“Everyone thinks their own agenda is the right one. It’s why wars are fought and elections are won. Just because you fight for it doesn’t make it right for everyone.”
“Now you’re just being stubborn, sugar. You know the difference between right and wrong the same as I do. A lot of good people would have died if you’d stayed on the path you were on. You’re not a sociopath. Which leads me to the conclusion that you just didn’t have the foresight to see how many lives your choices would be affecting. Your mind might work faster than most people’s, but at the heart of it you were still a twenty-year-old kid who was only thinking about herself.
“You could have gotten my entire team captured that night. We would have been tortured and killed. If you’d turned those launch codes over a whole lot of people would have died.”
She rolled her eyes. “I told you then. They weren’t the real launch codes.”
“You’re not stupid, Evie.
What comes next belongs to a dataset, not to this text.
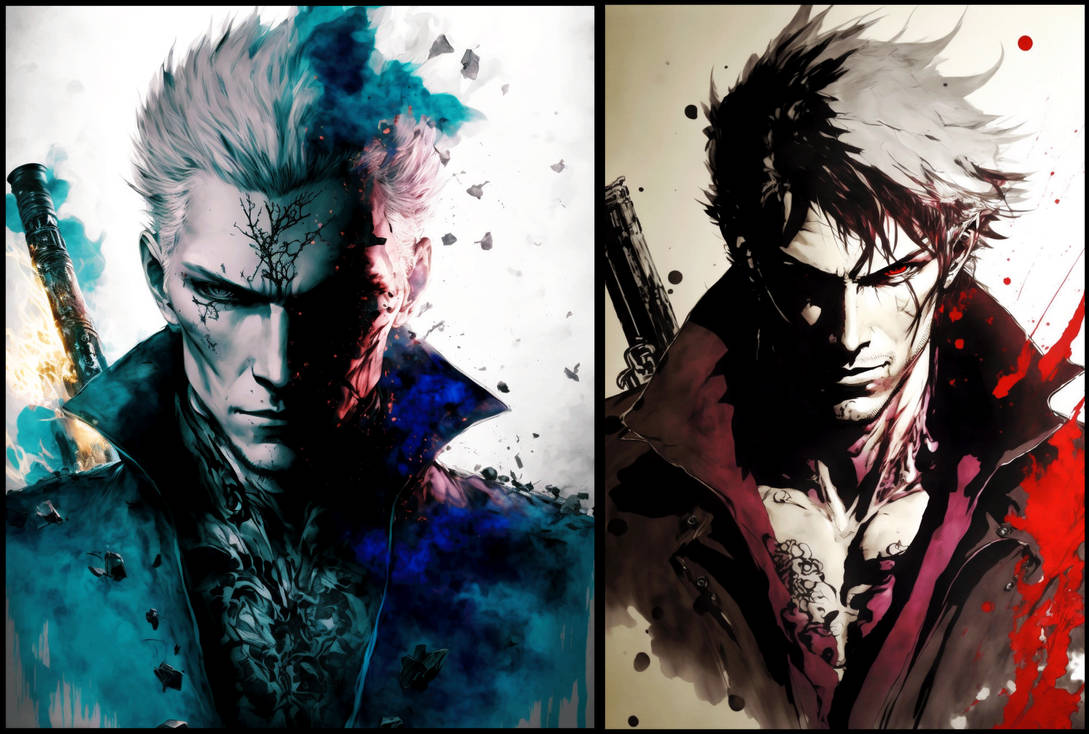 dante and vergil (devil may cry and 1 more) drawn by evanolge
If you and Yukov had met face-to-face, no matter what your intentions with the launch codes, he would have owned you. That’s if he didn’t slit your throat first for trying to betray him. But Yukov is perverse that way. If he’d decided to let you live you’d have become Tsar Ivan’s successor. No one on this side of the ocean would have ever seen or heard of you again.”
“Yeah,” she said. “So you said. I learned my lesson. I’m stuck here, just like you wanted. I’m doing a job I hate and staying off everyone’s radar. You made the rules and I followed them. You won. Congratulations.”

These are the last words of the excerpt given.